The Autonomous Tennis Ball Picker Using Atmega644

Introduction and Motivation

In the tennis and sports equipment market, there are very few advanced electronic devices assisting in the feeding and picking of tennis balls or any other kind of balls. Tennis players do not prefer picking up over five hundred balls after a long days worth of drilling, or a baseball player would not enjoy picking up over five hundred baseballs on the ground from batting practice. As a result, our solution is an autonomous ball-picker device that is easy-to-use and cost-effective. Our design can be used for a variety of sports besides tennis, involving balls of similar size and weight.

High-level Design

Rationale and Overview
There are many ball-picking devices in the market today designed by Playmate, Gamma, among others that are human-powered and human-controlled. However, there are almost no existing sports products that are autonomous and do not require the labor of a person. In a generation where the number of athletes is growing, where most of them do not play professional but still compete at a high level, there is a bigger demand for machines that make athletes lives simpler and less time-consuming. As a varsity tennis athlete, I feel that a device to pick up a large amount of tennis balls after practice would save about thirty minutes a day for five days a week.

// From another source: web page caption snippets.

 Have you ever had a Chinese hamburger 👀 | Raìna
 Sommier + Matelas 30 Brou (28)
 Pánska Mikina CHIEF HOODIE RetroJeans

Our project aims to devise an easy-to-use, low-cost autonomous ball-picking device that helps pick up tennis balls, or perhaps any other balls of similar weight and shape, over an enclosed tennis court area. The general idea is that this device will sweep through a tennis court in a smart fashion within a reasonable amount of time. A complex ball-search algorithm will be implemented to eventually pick up all tennis balls within an enclosed area with fairly high walls. The picker implements a rotary blade technology that pushes a tennis ball up half-cylinder structure and over to the basket where it is stored. This technology is similar to the Playmates Mower. The machine also contains touch sensors for intelligent maneuvering when approached by walls or backdrops as well for mowing the balls from the ground. This machine is roughly one foot long, three feet wide and one and a half feet tall.  Our final construction is by no means a final product, since it is still a prototype model that can be used for similar devices with this exact purpose.
ADC Conversion Basics
The touch sensor read feedback system utilizes an ADC conversion to transfer analog voltage data from sensors being used to a digital signal to be processed in our C program. The ADC converter takes in a range of voltage values converts the value into a scaled fraction of an 8-bit data register, with a size of 2⁸ = 256 values. The following equation shows the result of ADC conversion:
Converting the output voltage to a whole number value between 0 and 255 can become very helpful in determining whether a ball has passed or whether a wall is detected.

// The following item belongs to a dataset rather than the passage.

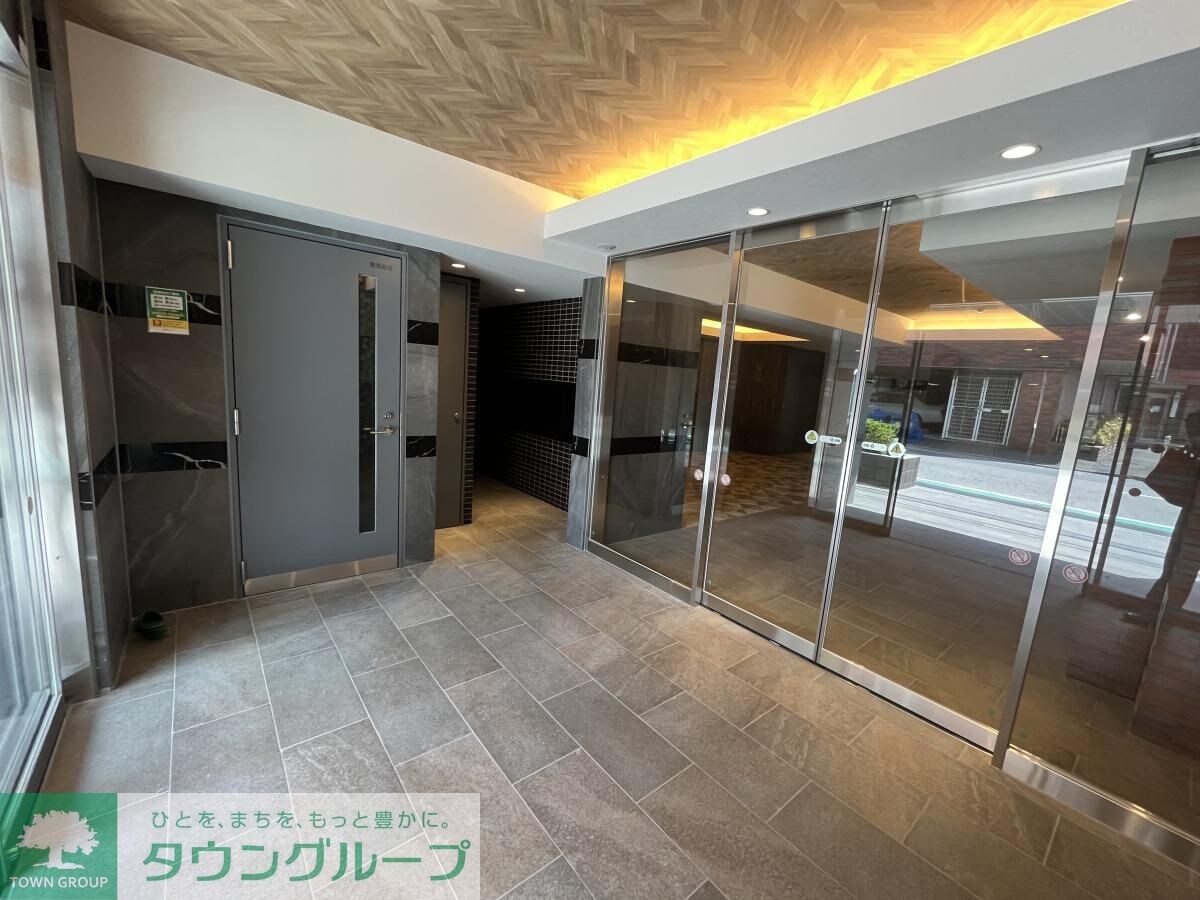 アーバンパーク綾瀬Duoの物件内観写真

Logical Structure and Diagram 
Our ball-picker device consists of two main systems that all communicate with the MCU directly. The front touch sensors at the top of Figure 1, the front and back LED ball-pass sensors all output data to the MCU. All of the sensors are tied to a common ground and VCC to save socket space. The other system is the motor driver circuitry. There are four servo motors in the diagram, two on each side. They are each tied to separate VCC and ground sources to create maximum power and torque.
Hardware Tradeoffs
The initial design of the motor driving system involved the use of stepper motors. Due to its large amount of port connections and the absence of wheels that are compatible, we switched the design to using servo motors because it was the most cost-effective method for us, they required a reasonable number of port connections (three for each motor), and they included wheels that came with them. The downside is that the servo motors are difficult to calibrate and can often times be unreliable for extensive continuous motion.

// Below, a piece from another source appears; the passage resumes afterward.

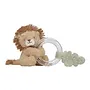 Ringrammelaar Leeuw ­ Safari Friends GRS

For the touch sensors, we contemplated using accelerometers, or proximity sensors. However, given the amount of resources we have already, we decided to use the LED emitters and NPN phototransistors to detect objects. We tested the range of the objects such that the NPN phototransistors vary in output voltage, and we found that the object was far enough so that the device would have enough time to back up before it collides with the object.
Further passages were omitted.